The validity of the present models is likely limited to relatively small forces and strains (~ 0.1%) that are induced during quantitative percussion diagnostics (QPD). For higher loads and strains more representative of trauma for example, hyperelastic models may be more appropriate for predicting PDL behavior. In the case of nondestructive QPD, such stresses and strains are not feasible due to the relatively low value of the initial kinetic energy of the percussion rod [25].

5 Conclusion

A wide range of elastic moduli has been reported in the scientific literature for periodontal ligament (PDL) tissue. The present study examined the effect of this property in conjunction with Rayleigh damping on QPD response for a maxillary central incisor and a mandibular second molar using FEA simulations. The model predictions demonstrate that the PDL exhibits reasonable force levels under QPD conditions if the assumed quasi-static elastic modulus is relatively small (~ 0.1 MPa).
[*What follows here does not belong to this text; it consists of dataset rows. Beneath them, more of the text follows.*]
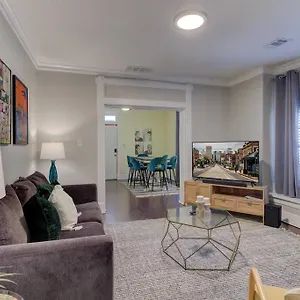  Holiday home Bright & Charming With Fire Pit And Porch Swing - Close To Beale Street, Bbq, Graceland, And The Liberty Bowl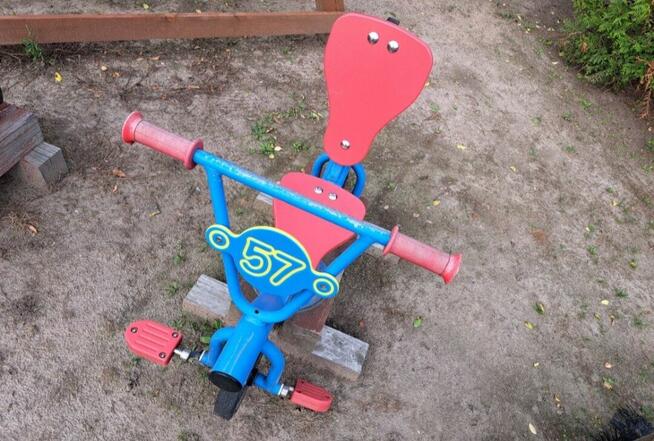 Rowerek metalowy do ogrodu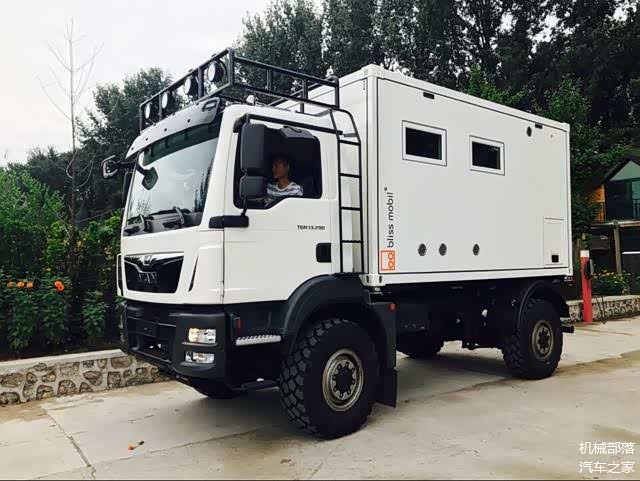 机械部落:超强德国越野房车 man曼4x4 实拍解析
However, a lower elastic modulus of 0.01 MPa resulted in unstable behavior for the central incisor. The present work also suggests that the variation in elastic modulus values reported for the PDL could be largely the result of experimental measurements that were made under different strain rates or peak strain conditions. Overall, it appears that using a quasi-static elastic modulus of approximately 0.1 MPa for the PDL in combination with Rayleigh damping leads to reasonably realistic predictions of the mechanical response of a tooth under the present percussion loading conditions.